Внизу длинное сараеобразное помещение, где в ящиках и связках лежали груды всякой обуви: мужские грубые сапоги, женские полусапожки с резинками по бокам. Только много позже, уже в моей юности, появились штиблеты (на шнурках), ботинки на пуговицах, туфли, детские башмаки и калоши.
В турецкую войну торговый дом делал поставки сапог в армию; за это получил похвальные листы и отличия. Они висели в конторе под стеклом в рамках.
Во втором этаже, куда поднимались по широкой чугунной лестнице, было такое же, только немного более светлое, помещение с прилавками и полками, на которых лежала обувь более тонких сортов в картонных коробках. Оттуда дверь в контору, где за конторками на высоких табуретах сидели бухгалтер и конторщики и не отрываясь строчили что-то в огромных гроссбухах.
За конторкой находился закуток дедушки, где он принимал посетителей и вел все деловые переговоры.
В продолжение пятидесяти лет «амбар» оставался таким, как я его помнила в раннем детстве. Наша мать часто брала кого-нибудь из младших детей с собой, чтобы покатать нас, когда ездила в город. Обыкновенно мы сидели в экипаже и ждали ее. Но зимой, в холод, мы входили с ней в магазины, где она делала закупки, или в «амбар». В «амбаре» она поднималась наверх, а нас оставляла внизу, где мы в ожидании ее сидели на единственном клеенчатом продавленном диванчике. Разговаривать там не полагалось. Мы сидели и наблюдали. Тяжелый запах кожи, полумрак от нагроможденных до потолка ящиков и… тишина.

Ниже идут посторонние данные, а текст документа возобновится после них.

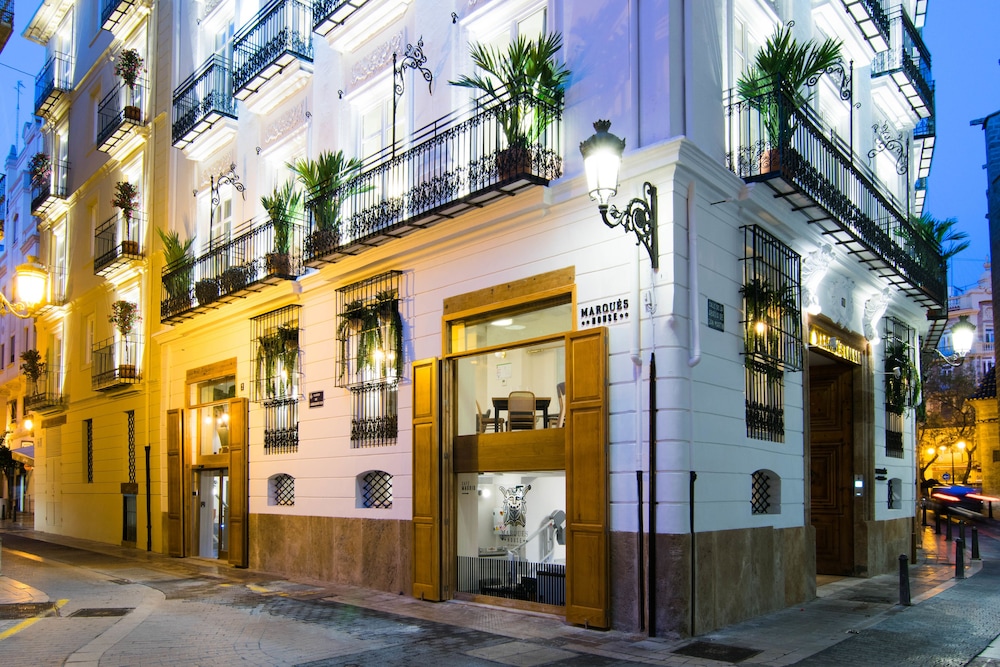 hotel marques house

Почему там была такая тишина, спрашиваю я себя и теперь еще. Работа там, особенно внизу, шла беспрерывная: возчики подвозили к задней двери товары со двора, разгружали телеги и уезжали; ящики вносили, ставили на пол, тут же их раскрывали, приказчики принимали по счету, сортировали и ставили по местам. Но шума не было, говорили вполголоса, ходили не топая. Мальчики — их было два — стояли навытяжку, выслушивали приказания приказчиков принести или подать то-то и то-то, причем лица их не выражали ни страха, ни угодливости. «Не бросайся, тише, не стучи», — говорили им (совсем как нам дома), не повышая голоса.
И так неизменно, до конца своего существования «амбар» хранил свой строгий, спокойный облик.